We collected leaves for this experiment from a long-term soil warming experiment at the Harvard Forest in central Massachusetts, USA (42 ° 28 ′ N, 72 ° 10 ′ W). Since 2003, the soil in one 30 x 30 m area of mixed deciduous forest has been heated to 5 ° C above the temperature of a nearby 30 x 30 m reference plot using resistance cables buried at 10 cm depth (Melillo et al. 2011, Butler et al. 2012). In the context of global climate change, it is important to note that because 1 ° C of air warming results in less than 1 ° C soil warming (Scheff ers et al. 2014), this magnitude of soil warming corresponds to the most extreme air warming scenarios predicted as a result of climate change by the end of this century.

The experiment was done in 15 artificially constructed “mesocosms” (5 each of ‘no leaf’’ , ‘ambient leaf’’ and ‘heated leaf’).

John of Cloverdale, WA, Australia
February 26, 2015 4:32 am

 ………..”predicting the consequences of climate change will require research across ecosystem boundaries”. Yes you qualify for research funds from big Government, GreenPeace etc, etc.

Tom in Florida
Reply to  John of Cloverdale, WA, Australia
February 26, 2015 5:15 am

Yup, looks like the ecosystem researchers want a piece of the climate change money pie.

February 26, 2015 4:34 am

Rising soil temperatures….by how much? A femptodegree? Come now. Quit blowing humic acid up my patoot.

February 26, 2015 4:43 am

These people have a different definition of “ecological subsidies” than the one that bothers me.

February 26, 2015 4:46 am

And none of this EVER happened before the industrial revolution! In previous warming events- events Much warmer than we are now- leaves behaved like….. leaves.

Paul Coppin
February 26, 2015 4:47 am

This has the sophistication of a first year Biology lab exercise, and about as much relevance to forest ecology. Dartmouth has a reputation for science at the senior high school level…

Reply to  Paul Coppin
February 26, 2015 6:29 am

I wouldn’t have gotten away with this in my bio class as a freshman in high school, much less at college level.

Stephen Skinner
Reply to  nielszoo
February 26, 2015 2:33 pm

Yes, but the article states quite clearly “The study is one of the first to rigorously explore climate warming’s impact on “ecological subsidies,”
As it uses the word ‘rigorously’ then that settles it in terms of rigor. And there are the “ecological subsidies,” which sounds like they may be tax deductible, although it depends if these are actually “ecological income” disguised as subsidies. Maybe there is some ‘Leaf Laundering” going on below the surface. So give them a break because….because they are rigorous!

February 26, 2015 4:47 am

never stop pouring million Tm/year contamination to the foul air, they are almost suffocating in cities…and blame to the Anticyclone

February 26, 2015 4:51 am

As an experienced leaf raker it’s been my experience that when maple leaves fall they either 1) blow into the lake immediately and sink, 2) get wet and stay and rot on the ground or 3) dry out and blow around and end up as scenario #1 or # 2. None of these have the ground warming the leaves, then the leaves ending up in the water. The problem with the study seems to be that they collected leaves from forest plots and physically moved them to water, most leaves in the real world won’t have humans helping them move to water.

Mark from the Midwest
February 26, 2015 4:57 am

Yes, climate change does effect maple. We have 7 mature sugar maples in the yard, over the last 3 years we’ve had more sap then we could possibly boil. Right now I have about 2 gallons of the gooey, tasty treat in the pantry, not to mention the 14 1-pint gift bottles we gave away last year. I’ll be hosting everyone for pancakes Saturday, my house 7:30 am…. yes there will be bacon, and a very dark french roast … If you feel inclined to bring a gift dark Swiss chocolate is always appreciated

Tom in Florida
Reply to  Mark from the Midwest
February 26, 2015 5:18 am

7:30 CT is good for me, I’ll bring the fresh squeezed tangerine juice from my tree.
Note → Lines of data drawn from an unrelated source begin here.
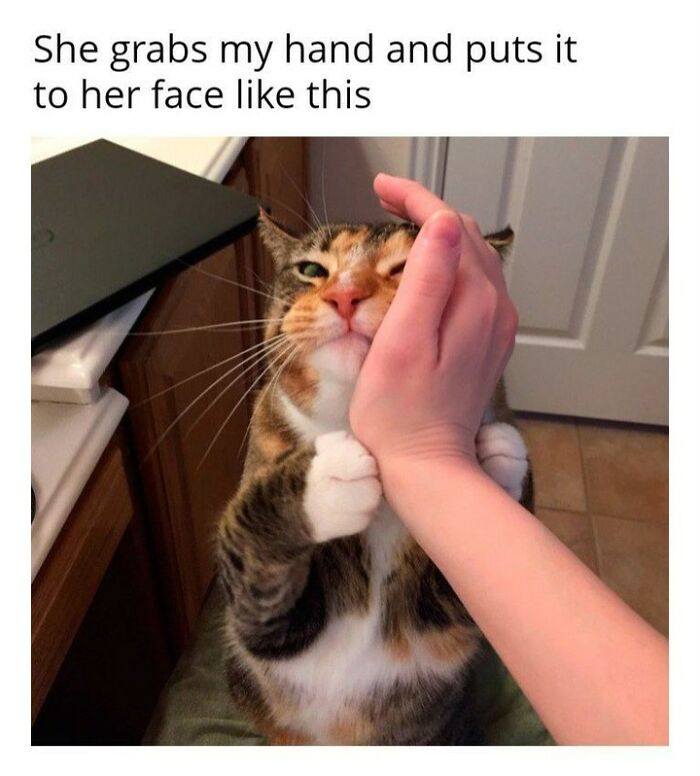 70 Cat Pics That Prove Cats Are Basically Tiny, Furry Comedians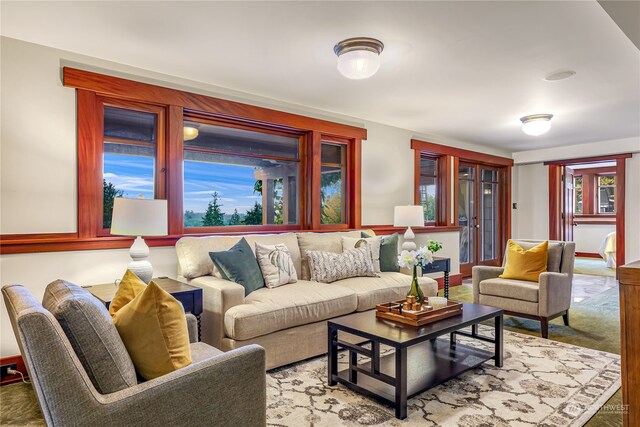 carpeted living room featuring plenty of natural light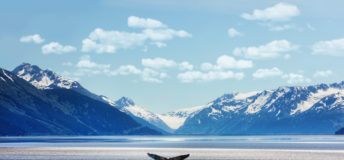 Alaska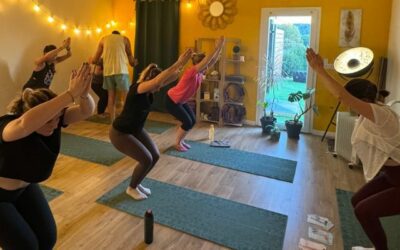 Les nouveautés de novembre 2025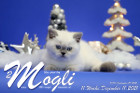 Mogli ist in der 11.Lebenswoche ( 11.12.2021 )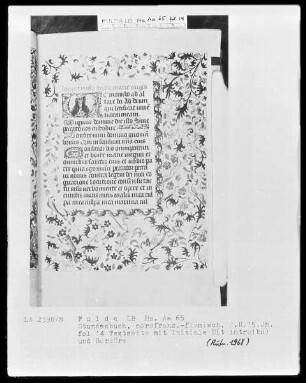 Stundenbuch, ad usum Romanum — ---, Folio 14rectoBuchseite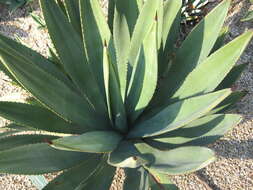 Image de Agave murpheyi Gibson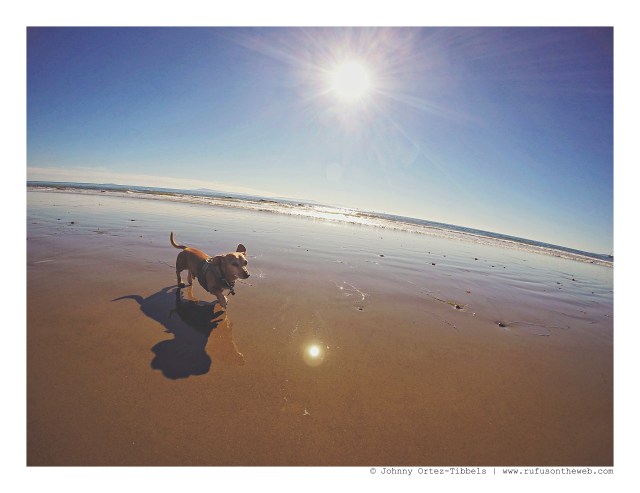 Rufus | November 2015. Photo by: Johnny Ortez-Tibbels ©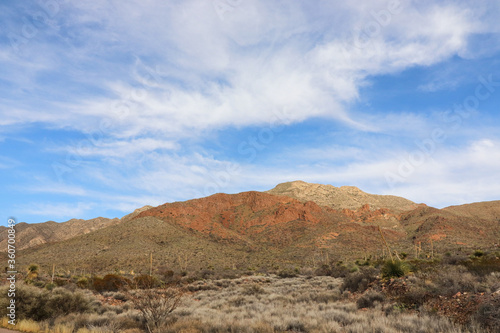 desert landscape in arizona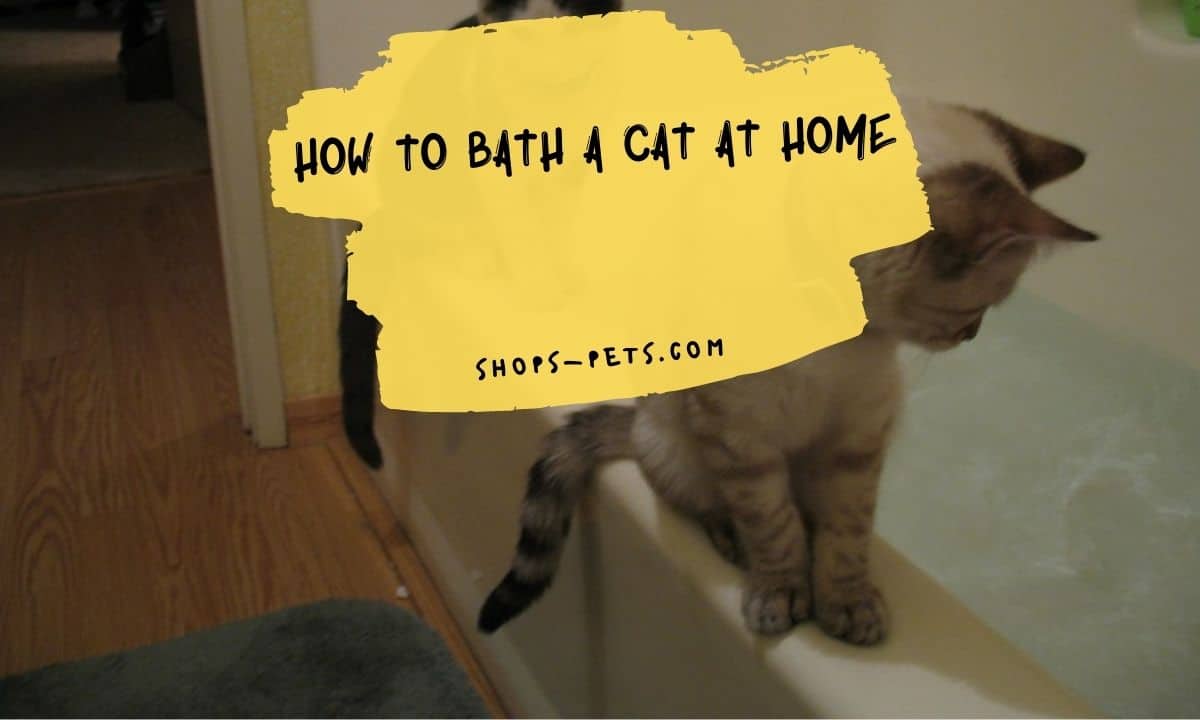 How to Bath a Cat at Home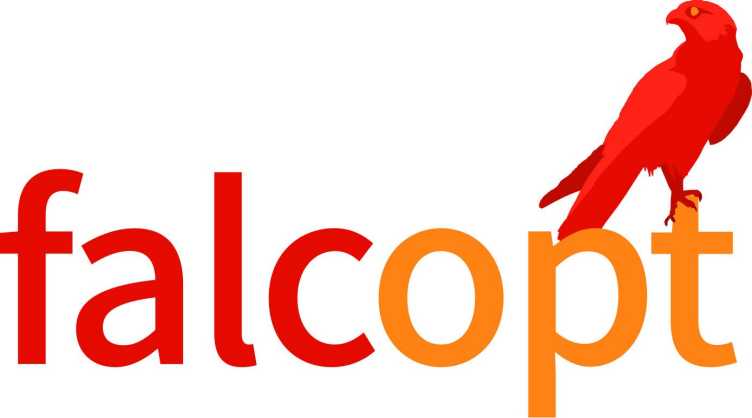 Logo falcOpt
Reply to  Mark from the Midwest
February 26, 2015 6:11 am

Thanks for the invitation, but I’m out of town this weekend – though the fresh squeezed tangerine juice just might change those plans.
Got plenty of maple syrup here in VT thanks – so much that we’re busy relabeling it in the hope that those people south of here (Dartmouth i.e.) might finally understand what it is (that growing on trees bit has been a tough nut).

Reply to  Mark from the Midwest
February 26, 2015 6:36 am

Midwest hospitality! Wish I was in the neighborhood!

Ian L. McQueen
Reply to  Mark from the Midwest
February 26, 2015 8:01 am

I can contribute lots of white global warming if it is of any use to you. We have more of the stuff than I have ever seen here before.
Ian M

Mark from the Midwest
Reply to  Ian L. McQueen
February 26, 2015 8:45 am

Sorry Ian, we have plenty. I live in a classic snow-belt, we have about 160 inches on the ground right now, down substantially from the 280 we had last year. The good news is it’s sunny and calm, and the lake-effect-machine is retired for the year because the upper half of Lake Michigan has turned from pristine blue-green into a paler shade of white …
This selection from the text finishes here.